Il pontile scomparve; la nebbia li circondò ed esili filamenti s’insinuarono fra le torce. La chiatta rollò piano nella corrente. L’unico movimento era il passo deciso dei sei uomini, avanti ad afferrare le funi e indietro a tirarle. Nessuno aprì bocca. I passeggeri si mantennero il più possibile al centro del traghetto. I quattro di Emond’s Field avevano sentito dire che il Taren era molto più ampio dei fiumi che conoscevano e la nebbia lo rendeva smisurato.
Dopo un certo tempo, Rand si accostò a Lan. Fiumi che un uomo non potesse guadare o attraversare a nuoto o scorgerne la riva opposta innervosivano chi non aveva visto niente di più ampio o più profondo d’un laghetto del Waterwood. «Credi che avrebbero tentato davvero di derubarci?» domandò a bassa voce. «Lui si comportava come se avesse paura che fossimo noi a derubarlo.»

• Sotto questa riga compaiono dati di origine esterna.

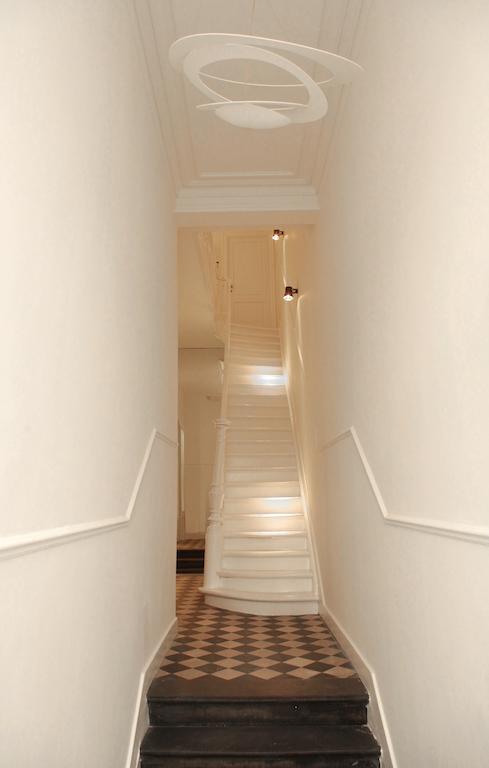 Maison Nationale City Flats & Suites Antwerpen Bagian luar foto Stairway to the basement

Prima di rispondere, anche lui sottovoce, il Custode lanciò un’occhiata al traghettatore e ai suoi aiutanti: pareva che nessuno tendesse l’orecchio. «Con la nebbia a nasconderli... be’, quando nessuno vede, a volte gli uomini trattano gli estranei in modi che non userebbero sotto gli occhi di qualcuno. E chi assalirebbe un forestiero è il primo a pensare che un forestiero possa assalire lui. Quello lì venderebbe sua madre ai Trolloc come stufato, se il prezzo fosse giusto. Non sono sorpreso della tua domanda. Ho sentito cosa dice la gente di Emond’s Field di quella di Taren Ferry.»
«Sì, ma... Be’, tutti dicono che loro... Ma non credevo che facessero davvero...» Rand si convinse che in realtà non sapeva molto, della gente di altri villaggi. «Potrebbe dire al Fade che abbiamo attraversato il fiume» concluse. «E traghettare i Trolloc.»